■ Aim of the exercise: Going down the listing below, print exactly each line from the one with "Очки автомобильные" up to and including the one with "Paul Jothy photo provided by Last.fm", and skip the rest.

■ Recorded information:
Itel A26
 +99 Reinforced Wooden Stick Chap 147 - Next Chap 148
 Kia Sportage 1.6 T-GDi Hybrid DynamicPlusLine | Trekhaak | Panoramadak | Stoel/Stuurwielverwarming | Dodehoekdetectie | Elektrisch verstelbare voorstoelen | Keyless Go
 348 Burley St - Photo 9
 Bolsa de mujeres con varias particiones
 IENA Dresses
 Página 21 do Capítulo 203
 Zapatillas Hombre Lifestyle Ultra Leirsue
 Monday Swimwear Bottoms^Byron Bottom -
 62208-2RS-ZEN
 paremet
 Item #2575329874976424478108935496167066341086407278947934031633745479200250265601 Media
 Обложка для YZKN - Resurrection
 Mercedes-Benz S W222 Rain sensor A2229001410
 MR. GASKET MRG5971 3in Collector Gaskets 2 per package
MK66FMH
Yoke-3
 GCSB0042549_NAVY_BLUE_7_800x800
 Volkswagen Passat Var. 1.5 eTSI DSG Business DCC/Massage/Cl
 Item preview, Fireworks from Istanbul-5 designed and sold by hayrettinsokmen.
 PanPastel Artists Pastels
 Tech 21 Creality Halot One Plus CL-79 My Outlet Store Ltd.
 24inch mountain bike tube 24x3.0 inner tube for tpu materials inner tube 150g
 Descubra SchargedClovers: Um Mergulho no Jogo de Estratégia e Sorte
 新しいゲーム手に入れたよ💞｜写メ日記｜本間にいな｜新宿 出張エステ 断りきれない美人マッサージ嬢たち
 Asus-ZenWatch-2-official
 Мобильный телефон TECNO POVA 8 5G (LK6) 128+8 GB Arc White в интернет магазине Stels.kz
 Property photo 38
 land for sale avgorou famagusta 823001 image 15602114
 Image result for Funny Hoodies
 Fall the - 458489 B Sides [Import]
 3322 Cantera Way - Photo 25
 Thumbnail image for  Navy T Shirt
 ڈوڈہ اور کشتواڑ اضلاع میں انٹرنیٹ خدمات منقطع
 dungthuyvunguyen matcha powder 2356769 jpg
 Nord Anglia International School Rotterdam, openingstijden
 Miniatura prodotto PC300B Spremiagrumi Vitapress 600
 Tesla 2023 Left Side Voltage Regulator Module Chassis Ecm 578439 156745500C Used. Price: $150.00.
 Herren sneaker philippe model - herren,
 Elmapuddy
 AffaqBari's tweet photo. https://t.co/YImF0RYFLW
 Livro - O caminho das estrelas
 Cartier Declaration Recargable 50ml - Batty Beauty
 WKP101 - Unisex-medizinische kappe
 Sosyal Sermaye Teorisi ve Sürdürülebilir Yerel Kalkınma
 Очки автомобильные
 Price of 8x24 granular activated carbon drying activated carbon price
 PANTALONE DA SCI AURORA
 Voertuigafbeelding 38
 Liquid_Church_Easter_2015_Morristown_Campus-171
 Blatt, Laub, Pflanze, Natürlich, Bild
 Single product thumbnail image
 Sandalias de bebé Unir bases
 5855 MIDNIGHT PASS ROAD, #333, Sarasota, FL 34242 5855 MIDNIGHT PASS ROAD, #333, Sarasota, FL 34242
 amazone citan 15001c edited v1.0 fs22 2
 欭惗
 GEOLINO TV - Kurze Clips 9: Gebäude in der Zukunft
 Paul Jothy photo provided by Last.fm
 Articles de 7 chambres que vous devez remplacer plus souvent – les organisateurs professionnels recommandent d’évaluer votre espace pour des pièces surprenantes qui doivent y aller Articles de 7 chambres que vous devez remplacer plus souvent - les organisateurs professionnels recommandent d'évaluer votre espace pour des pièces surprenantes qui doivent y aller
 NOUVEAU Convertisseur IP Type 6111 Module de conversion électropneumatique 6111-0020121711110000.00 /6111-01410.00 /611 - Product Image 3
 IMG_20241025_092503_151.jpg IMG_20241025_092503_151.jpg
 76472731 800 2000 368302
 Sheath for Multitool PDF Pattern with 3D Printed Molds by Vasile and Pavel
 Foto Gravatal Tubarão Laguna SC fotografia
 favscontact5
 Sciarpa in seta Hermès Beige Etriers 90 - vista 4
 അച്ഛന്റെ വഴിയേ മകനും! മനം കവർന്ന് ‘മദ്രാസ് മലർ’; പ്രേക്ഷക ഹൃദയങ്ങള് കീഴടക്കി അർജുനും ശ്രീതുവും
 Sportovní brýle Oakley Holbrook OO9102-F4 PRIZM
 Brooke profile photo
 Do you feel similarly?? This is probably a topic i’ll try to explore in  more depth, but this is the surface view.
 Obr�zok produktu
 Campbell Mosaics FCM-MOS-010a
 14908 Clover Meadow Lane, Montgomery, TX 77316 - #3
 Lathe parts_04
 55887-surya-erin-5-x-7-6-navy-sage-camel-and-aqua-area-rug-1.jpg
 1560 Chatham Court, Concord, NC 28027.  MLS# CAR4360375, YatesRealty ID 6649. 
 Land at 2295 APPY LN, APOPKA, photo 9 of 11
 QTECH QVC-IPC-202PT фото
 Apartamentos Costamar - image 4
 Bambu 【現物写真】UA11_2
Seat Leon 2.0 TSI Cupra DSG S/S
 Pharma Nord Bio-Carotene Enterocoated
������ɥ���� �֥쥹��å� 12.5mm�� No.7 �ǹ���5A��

■ Result:
 Очки автомобильные
 Price of 8x24 granular activated carbon drying activated carbon price
 PANTALONE DA SCI AURORA
 Voertuigafbeelding 38
 Liquid_Church_Easter_2015_Morristown_Campus-171
 Blatt, Laub, Pflanze, Natürlich, Bild
 Single product thumbnail image
 Sandalias de bebé Unir bases
 5855 MIDNIGHT PASS ROAD, #333, Sarasota, FL 34242 5855 MIDNIGHT PASS ROAD, #333, Sarasota, FL 34242
 amazone citan 15001c edited v1.0 fs22 2
 欭惗
 GEOLINO TV - Kurze Clips 9: Gebäude in der Zukunft
 Paul Jothy photo provided by Last.fm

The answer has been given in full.